Aristotle

Greek philosopher, founder of the Lyceum (384–322 BCE)

Also known as: Aristoteles

Aristotle (384–322 BCE), Greek philosopher and founder of the Lyceum, is for Quigley the principal classical reference for how a civilization's cognitive system structures its political possibilities. His organic conception of the polis and his teleological metaphysics anchor large sections of Quigley's discussion of Classical Civilization and of the cognitive-systems argument running through Weapons Systems and Political Stability.

The polis as organism

Quigley's central engagement with Aristotle is on the political question of community-as-organism. "To Aristotle, about 350 B.C., the polis was a koinonia, a community. It was not only social and almost total; it was also natural and it was organic, in the same sense that a living body is organic. That is why Aristotle says that no man can live outside the polis; if he does, he is" not really a man at all (WS 335). The lecture-room version makes the same point: Aristotle "told us that the polis is a koinonia or community, that is, an organic structure of dissimilar parts cooperating together for mutual satisfaction of their needs. He said a man cut off from the polis is not a man; he just looks like a man. He's like a thumb cut off from" the body (Lectures 7). Quigley uses Aristotle to identify the organic-political view that, in his analytical scheme, recurs in every civilization that institutionalizes its instruments rather than reforming them.

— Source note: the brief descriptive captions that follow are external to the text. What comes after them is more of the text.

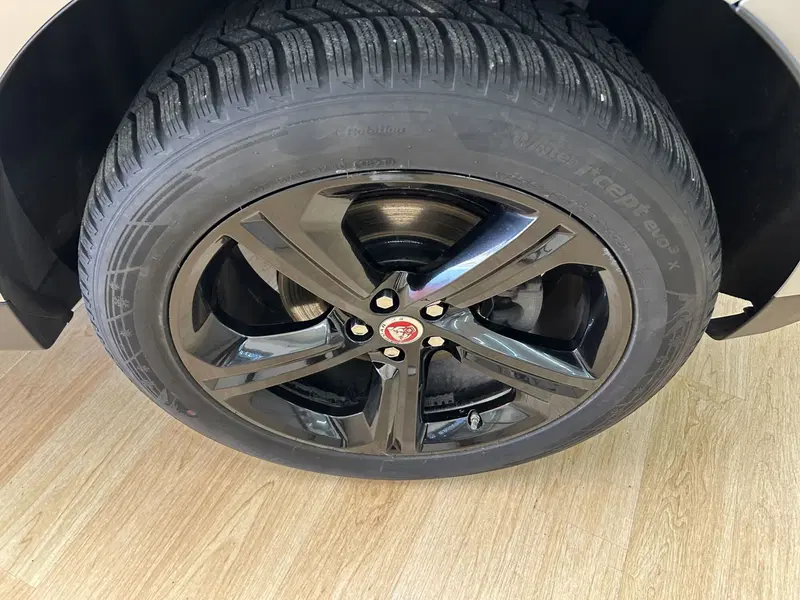 Jaguar F-Pace usata a Bari (11)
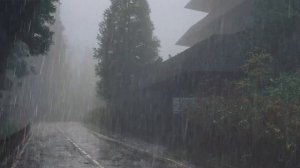 Dormirse sueño profundo en 3 minutos con sonido de lluvia perfecto y truenos en bosque brumoso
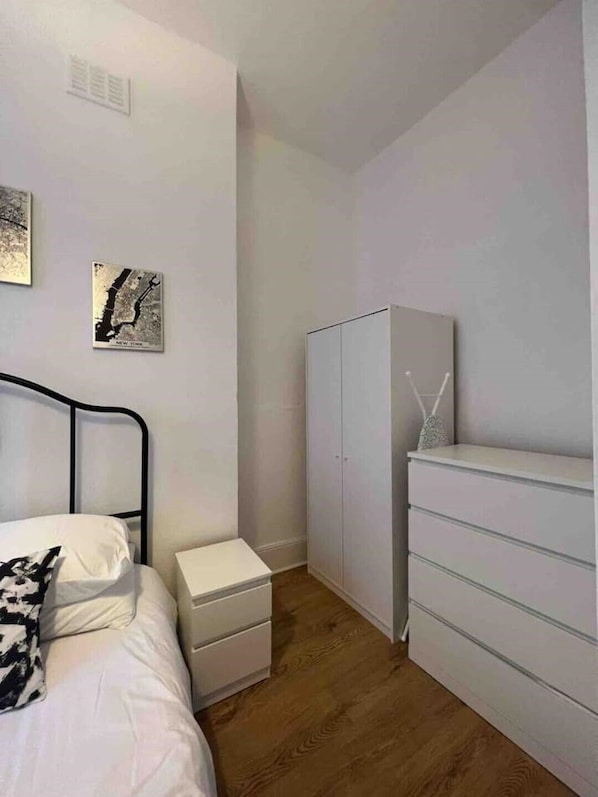 2 bedrooms, desk, iron/ironing board, free WiFi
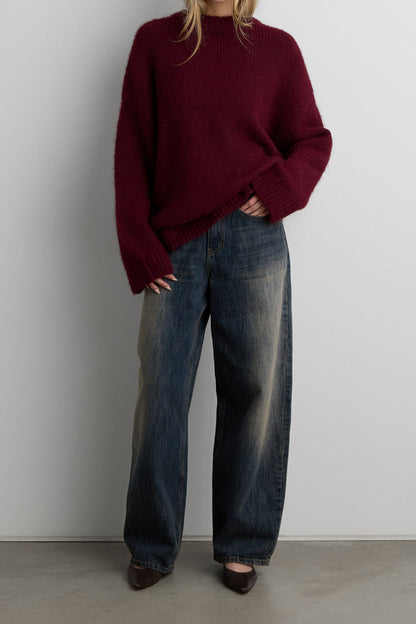 OVERSIZED CREWNECK SWEATER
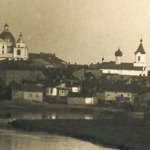 
						Luck. Fantastic view of the town: catholic, protestant and russian ortodox churches, castle, synagogue. Ca 1920. Nowadays Ukraine					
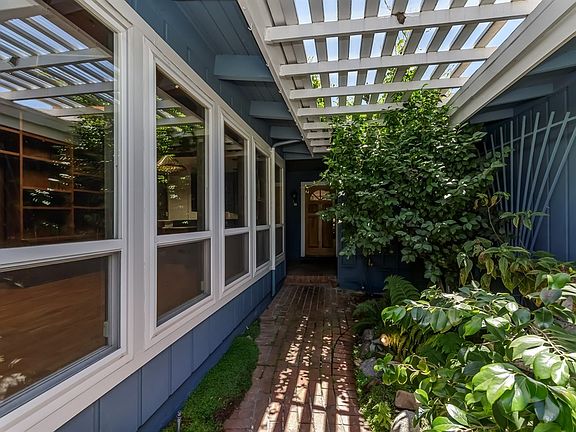 4th image of 5021 Vannoy Ave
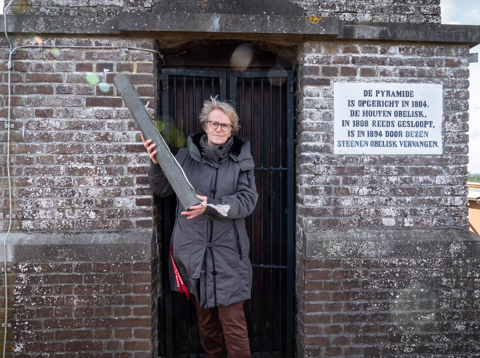 Hennie Heuff met de loden koker van Generaal de Marmont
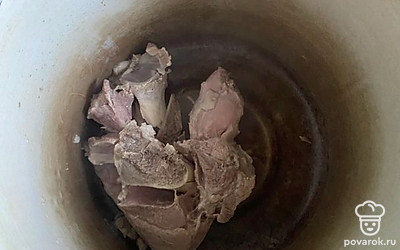 Варить мясо на кости на медленном огне 1,5-2 часа.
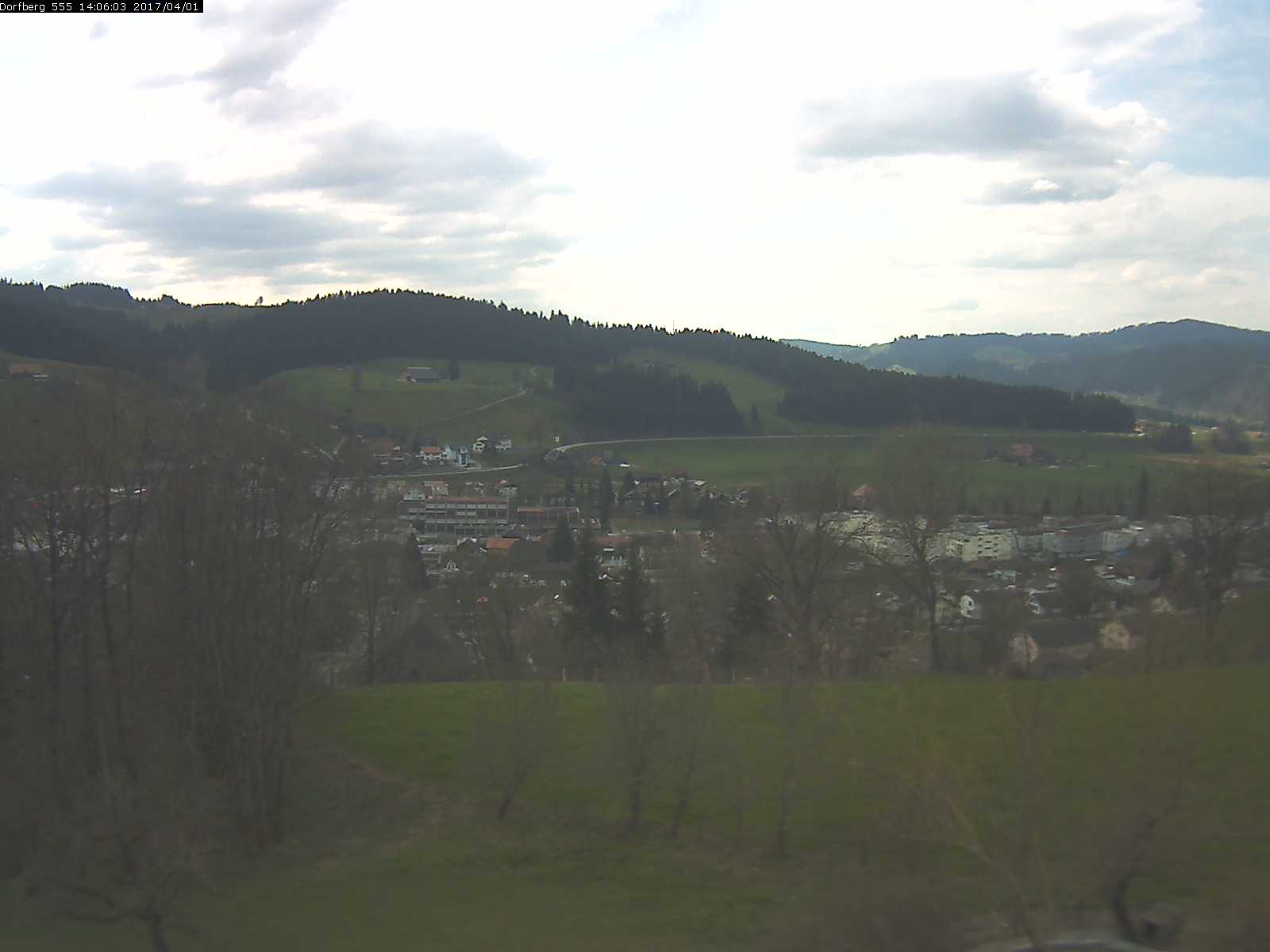 Webcam-Bild: Aussicht vom Dorfberg in Langnau 20170401-140601
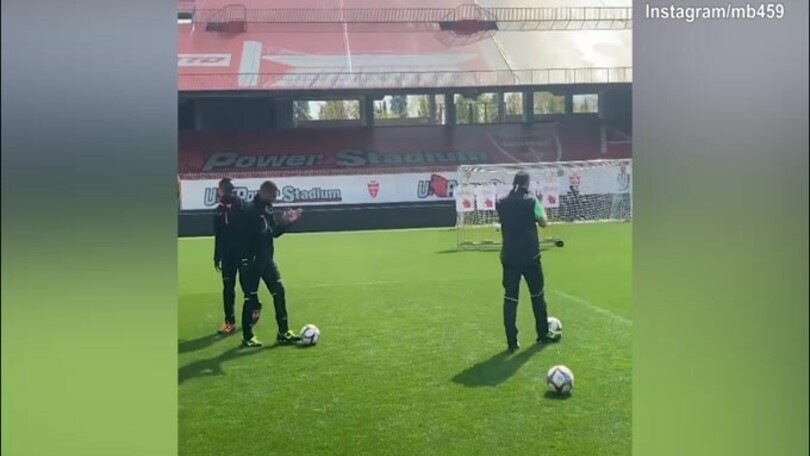 Balotelli, super punizione in allenamento!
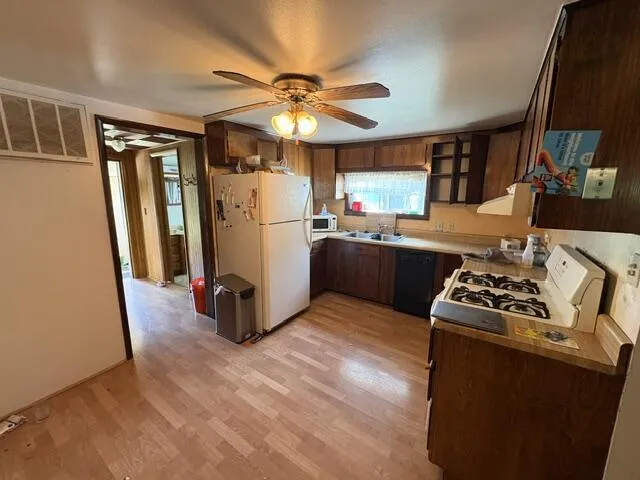 3157 Ludwig Street Burton, MI 48529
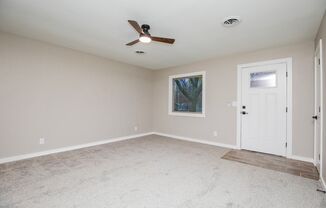 2 beds, 1 bath, $1,100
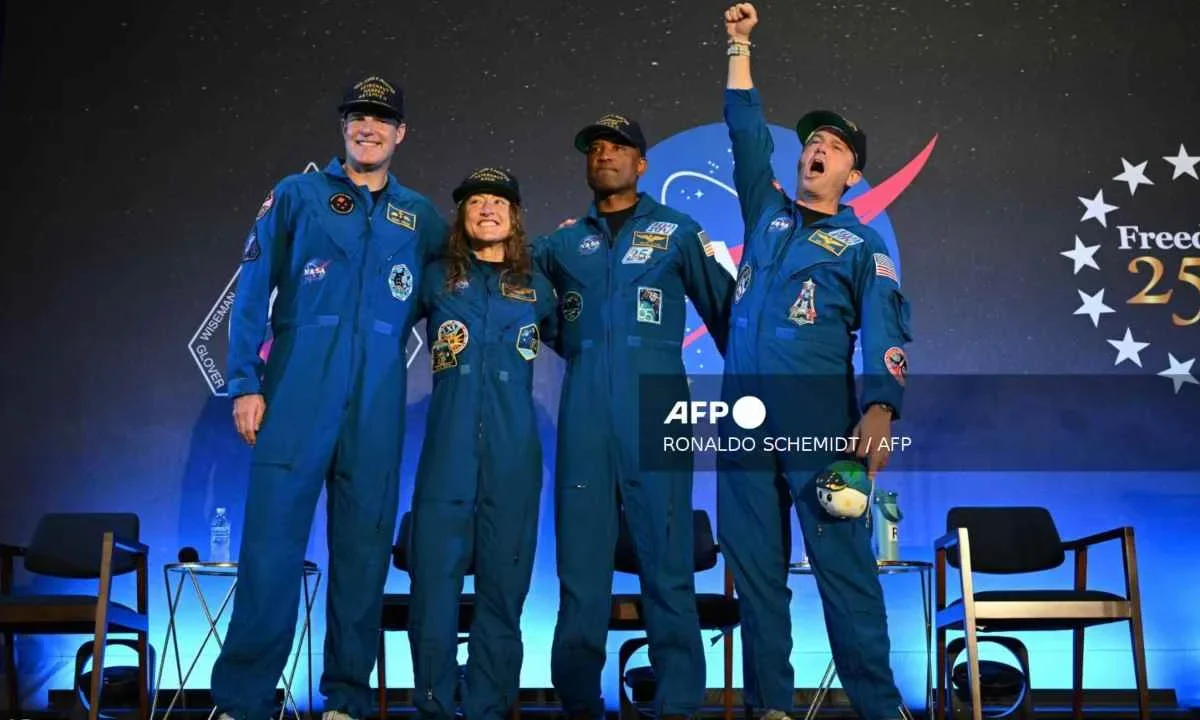 La tripulación del Artemis II hizo un llamado a la unidad en la Tierra, pues dijeron que el planeta es como un bote salvavidas.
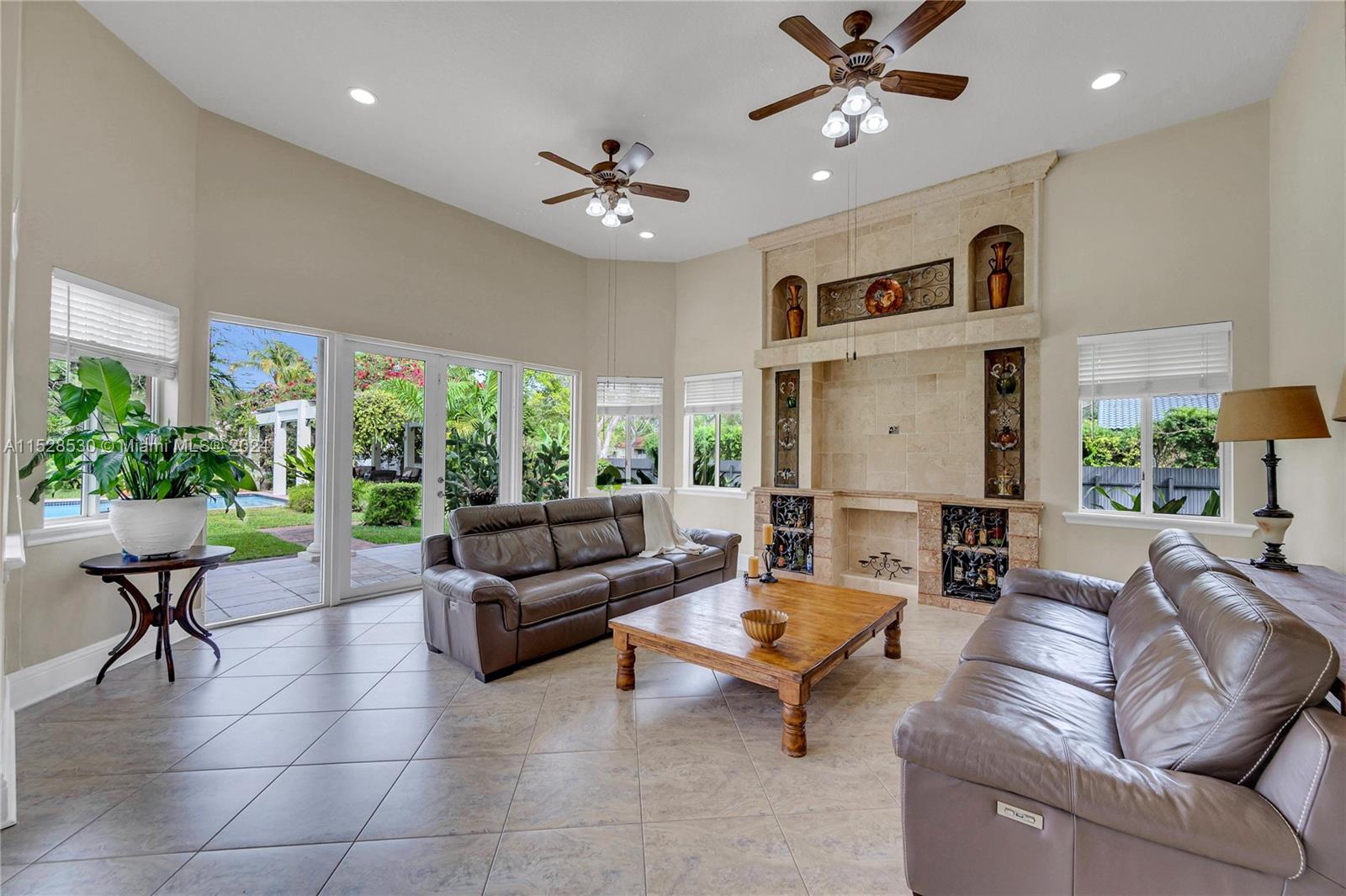 10901 SW 91st St, Miami, Florida, 33176, United States, 4 Bedrooms Bedrooms, ,4 BathroomsBathrooms,Residential,Active,10901 SW 91st St,1666847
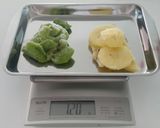 รูปขั้นตอนการทำที่ 1 ของ Double kiwi smoothie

Aristotelian metaphysics and modern thought

In Needed, A New Revolution in Thinking Quigley argues that the inherited Aristotelian framework persists even where its premises are no longer held. "From such reasoning, given to us from the Greeks through Aristotle, we got the 'final' causes (or goals) and the 'Unmoved Mover' (that which is the first cause of all movement and does not itself move) of Aristotelian metaphysics, and, today, we still use this way of thinking, even though we no longer believe in Aristotle's metaphysics" (Needed New Revolution 5). The argument continues directly: "The now obsolescent mode of thought and cognition just described might be contrasted with a newer method which is, incidentally, closer to the thinking processes of southern and eastern Asia" (Needed New Revolution 6). Aristotle is, in Quigley's reading, both the indispensable point of departure for Western analytical thought and an obstacle to its further development.

Cited in

  • weapons-systems-political-stability · p. 335 Quigley
    To Aristotle, about 350 B.C., the polis was a koinonia, a community. It was not only social and almost total; it was also natural and it was organic, in the same sense that a living body is organic.
  • weapons-systems-political-stability · p. 336 Quigley
    At Aristotle's death, a century later (384–322), these erroneous ideas had been partly dispelled by the Sophists' nominalist approach to current problems. But the writings of the Sophists were soon largely eclipsed by the reactionary theories of Plato, Xenophon, and Aristotle.
  • evolution-of-civilizations · p. 44 Quigley
    The Classical Greeks, like Aristotle, sought to ignore it by merely assuming that everything had a purpose and that everything by its very nature sought to achieve its purpose. This is generally known as a teleological explanation.
  • book-reviews · p. 77 Quigley
    Plato and Aristotle, as political reactionaries, wished to preserve that condition and the polis itself.
  • quigley-lectures · p. 7 Quigley
    In the fourth century B.C., Aristotle told us that the polis is a koinonia or community, that is, an organic structure of dissimilar parts cooperating together for mutual satisfaction of their needs.
  • needed-new-revolution-thinking · p. 5 Quigley
    From such reasoning, given to us from the Greeks through Aristotle, we got the 'final' causes (or goals) and the 'Unmoved Mover'… and, today, we still use this way of thinking, even though we no longer believe in Aristotle's metaphysics.